As he walks along Potter Avenue the wires at their silent height strike into and through the crowns of the breathing maples. At the next corner, where the water from the ice plant used to come down, sob into a drain, and reappear on the other side of the street, Rabbit crosses over and walks beside the gutter where the water used to run, coating the shallow side of its course with ribbons of green slime waving and waiting to slip under your feet and dunk you if you dared walk on them. He can remember falling in but not why he was walking along this slippery edge in the first place. Then he remembers. To impress the girls – Lorry Bingaman, Margaret Schoelkopf, sometimes Barbara Cobb and Mary Hoyer – he walked home from grade school with. Margaret's nose would often start bleeding, far no reason. She had had so much life. Her father was a drunk and her parents had made her wear high—laced shoes long after everybody else had stopped.

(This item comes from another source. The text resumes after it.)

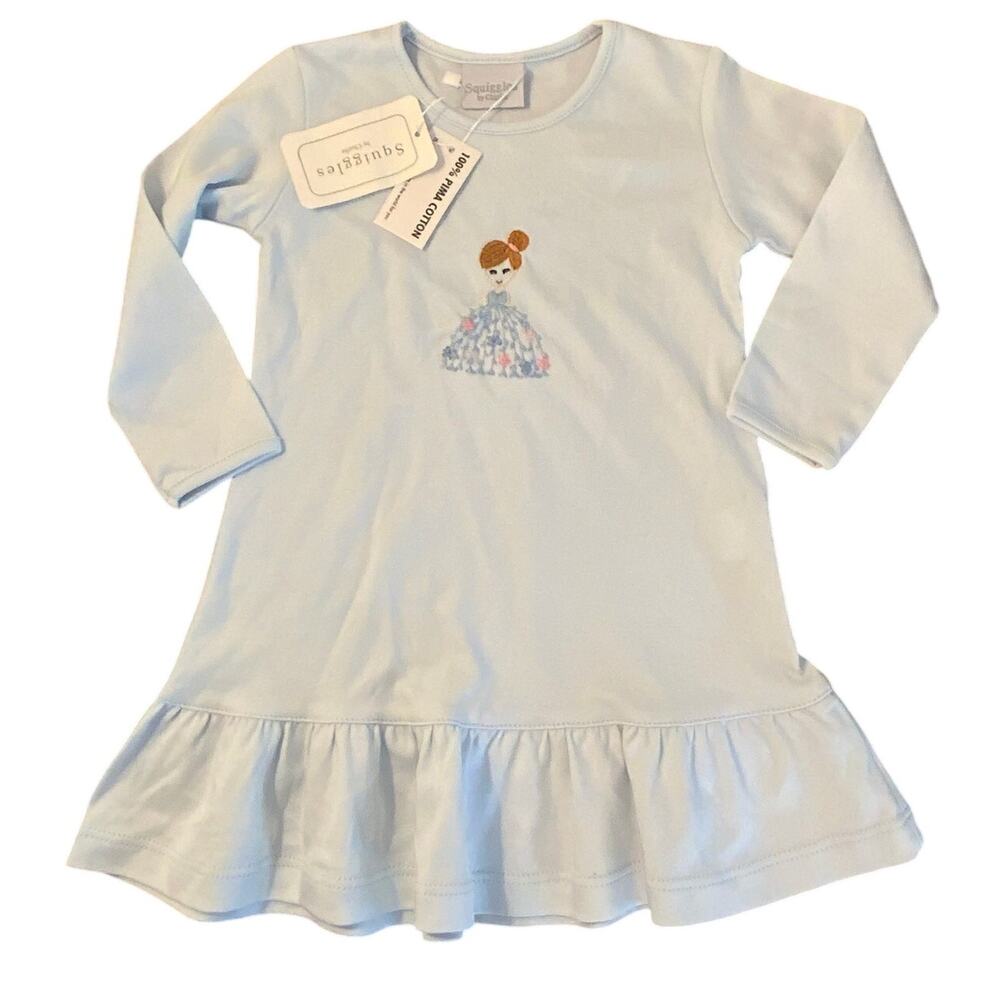 Squiggles‎ by Charlie Light Blue Princess Pima Dress Long Sleeve NWT 18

He turns down Kegerise Street, a narrow gravel alley curving past the blank back side of a small box factory where mostly middle—aged women work, the cement—block face of a wholesale beer outlet, and a truly old stone farmhouse, now boarded up, one of the oldest buildings in town, thick crude masonry of Indianskin sandstone. This farmhouse, which once commanded half of the acreage the town is now built on, still retains, behind a shattered and vandalized fence, its yard, a junkheap of brown stalks and eroded timber that will in the summer bloom with an unwanted wealth of weeds, waxy green wands and milky pods of silk seeds and airy yellow heads almost liquid with pollen.

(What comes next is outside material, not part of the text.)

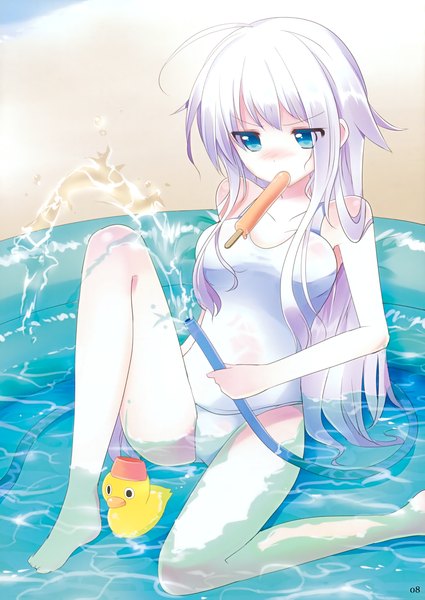 Anime picture 2479x3500 with mishima kurone single long hair tall image blush highres blue eyes light erotic white hair girl swimsuit water food sweets ice cream pool hose wading pool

So there is some space between the old stone house and the Sunshine Athletic Association, a tall thin brick building like a city tenement misplaced in this disordered alley of back sides and leftovers. The entrance is made ominous by a strange shed, the size of an outhouse, erected each winter across the door, to protect the bar from the weather. Rabbit has several times entered the club. There was no sunshine in it. The first floor was a bar and the second was full of card tables where the old bucks of the town sat muttering strategically. Alcohol and cards Rabbit both associates with a depressing kind of sin, sin with bad breath, and he was further depressed by the political air of the place. His old basketball coach, Marty Tothero, who before scandal had ousted him from the high school had a certain grip on local affairs, lived in this building supposedly and still, they said, manipulated. Rabbit dislikes manipulation but he had liked Tothero. Next to his mother Tothero had had the most force.

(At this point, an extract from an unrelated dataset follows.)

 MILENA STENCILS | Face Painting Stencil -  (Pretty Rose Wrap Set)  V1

The thought of his old coach crouching in there frightens him. He walks on, past a body shop and an unused chicken house. His progress is always down, for the town of Mt. Judge is built on the east side of the mountain Mt. Judge, whose west face overlooks the city of Brewer. Though the town and the city meet along the highway that skirts the mountain on the south on the way to Philadelphia fifty miles away, they will never merge, for between them the mountain lifts a broad green spine, two miles long north to south, assaulted by gravel pits and cemeteries and new developments but above a line preserved, hundreds of acres of forest Mt. Judge boys can never wholly explore. Much of it is penetrated by the sound of cars climbing the scenic drives in second gear. But in long patches of forgotten pine plantation the needle—hushed floor of land glides up and up, on and on, under endless tunnels of dead green and you seem to have passed through silence into something worse. And then, coming upon a patch of sunlight the branches neglect to keep out or upon a softened stone—filled cellar pit dug by some brave and monstrous settler centuries ago, you become vividly frightened, as if this other sign of life will call attention to yourself, and the menace of the trees will become active. Your fear trills like an alarm bell you cannot shut off, the louder the faster you run, hunchbacked, until distinctly, with a gasp of the clutch, a near car shifts gears, and the stumpy white posts of the guard fence dawn behind the pine trunks. Then, safe on the firm blacktop, you can decide whether to walk back down home or to hike up to the Pinnacle Hotel for a candy bar and a view of Brewer spread out below like a carpet, a red city, where they paint wood, tin, even red bricks red, an orange rose flowerpot red that is unlike the color of any other city in the world yet to the children of the county is the only color of cities, the color all cities are.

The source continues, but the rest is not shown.